Looks like a solid vise, along with the family history. Babco was (is?) a well known brand. Did you check industrial/machinist supply houses (Enco, MSC, Grainger, etc.) for jaws?

They are pretty simple parts. I would think that a machinist could make them up for you for far less than a new vise.

Philbert


----------



## dannyknapp

That's a thought ! I found these. I may have to drill and tap new holes in vise, but might work. http://m.grainger.com/mobile/product/WILTON-Jaw-Inserts-6YA95


----------



## Philbert

I Googled 'babco vise jaws' and got a company contact with a 'customer service' link. You might try them. 

Philbert


----------



## Jan-Sietze

Have you looked at absupply.net ?

I needed the 6" T6D:
http://absupply.net/irwin-t6d-repla...aw-plates-6-screws-for-6-mechanics-vise-.aspx
Cost: $12.09


----------



## dannyknapp

Jan-Sietze said:


> Have you looked at absupply.net ?
> 
> I needed the 6" T6D:
> http://absupply.net/irwin-t6d-repla...aw-plates-6-screws-for-6-mechanics-vise-.aspx
> Cost: $12.09



Wow, I guess I should have ! The ones I ordered were over $50 with shipping. cleanup and painting already started, will get pics when complete.


----------



## ray benson

dannyknapp said:


> Maybe you guys can help me make a decision. This vise has been in the family a long time. Grandpa's, Dad's, now mine. Biggest thing holding me back from restoring it is it needs jaws. Spacing is different from what I've found. Also, I'm sure not as valuable or collectible as US vise. This one is made in Japan. It's a tough vice though, survived me beating on it all these years. I need to get some jaws for it or pitch it and get a Wilton I guess.
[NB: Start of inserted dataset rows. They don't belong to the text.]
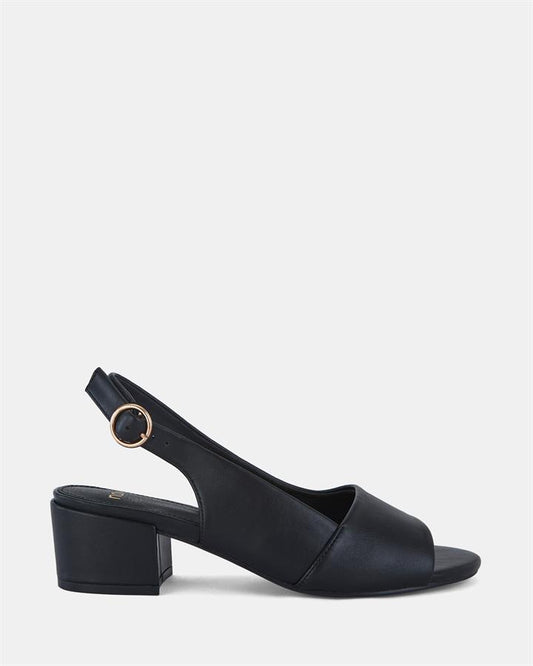 Image of Sandals. Product name - Urlando Women's Strappy Low Heel BLACK Novo Sandals in Black colour by brand - NOVO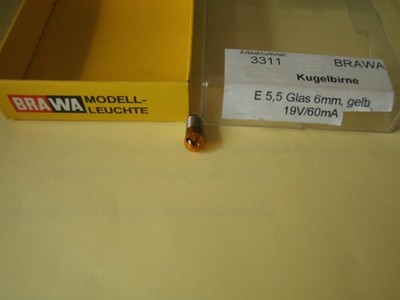 Brawa Glühlampe  3311 E5,5 gelb für Modellbahn einzeln Neu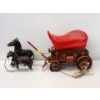 Image 1 : Vintage Wood Chuckwagon Lamp with Burro and Horse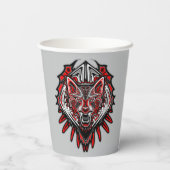 Wolf-Haida-Stammes-Totem-Design Pappbecher (Rückseite)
My wife bought me the same vise about 1974 or 1975 for Christmas. Probably from Ace Hardware. It has been a workhorse. On a side note - our church garage has a Wilton vise and I made a jaw insert for it.


----------



## 1Alpha1

A thread about vices.

I love it.............


----------



## thefeckerwest

Jan-Sietze said:


> On my Paramo is the inscription: Hi-Duty Vice .
> And Google translate says: bankschroeven (Dutch) = vices (English)
> 
> This creates my mistake...


In English English it is spelt 'vice.'


----------



## Ikeholt

Dang not again, now I have VAD.


----------



## ScreamingBeaver

you guys make me want to pick up another record vice ftomorrow my local used vice dealer


----------



## ScreamingBeaver

Yes I have an old tool distributer.


----------



## Andy Gill

Hello Gentlemen oops, sorry, Hi Guys ! Loving this particular section on VICES. I have a technical question that it seems that I cannot get answered here in Gt. Britain. I have recently managed to purchase a Paramo No 5 engineers vice to replace a much smaller and now dead Record. My question is, can someone tell me either all of the dimensions for replacement Record 5" jaws, or indeed, if these will be a straight fit onto my Paramo ? I'm relying on you now .... 

Cheers, Andy G.


----------



## Marshy

Andy Gill said:


> Hello Gentlemen oops, sorry, Hi Guys ! Loving this particular section on VICES. I have a technical question that it seems that I cannot get answered here in Gt. Britain. I have recently managed to purchase a Paramo No 5 engineers vice to replace a much smaller and now dead Record. My question is, can someone tell me either all of the dimensions for replacement Record 5" jaws, or indeed, if these will be a straight fit onto my Paramo ? I'm relying on you now ....
> 
> Cheers, Andy G.


Maybe @Jan-Sietze can help you out if he's still around...


----------



## Andy Gill

I would, except I don't do twitter nor arse book, but thanks for looking and trying to help. 

Andy G


----------



## Andy Gill

Ok. Lets try going at this from the reverse direction. If I give you the dimensions of the jaw plates as fitted, can any of you compare these with your own Record No. 5 vices, so at least I'll know if those would fit ??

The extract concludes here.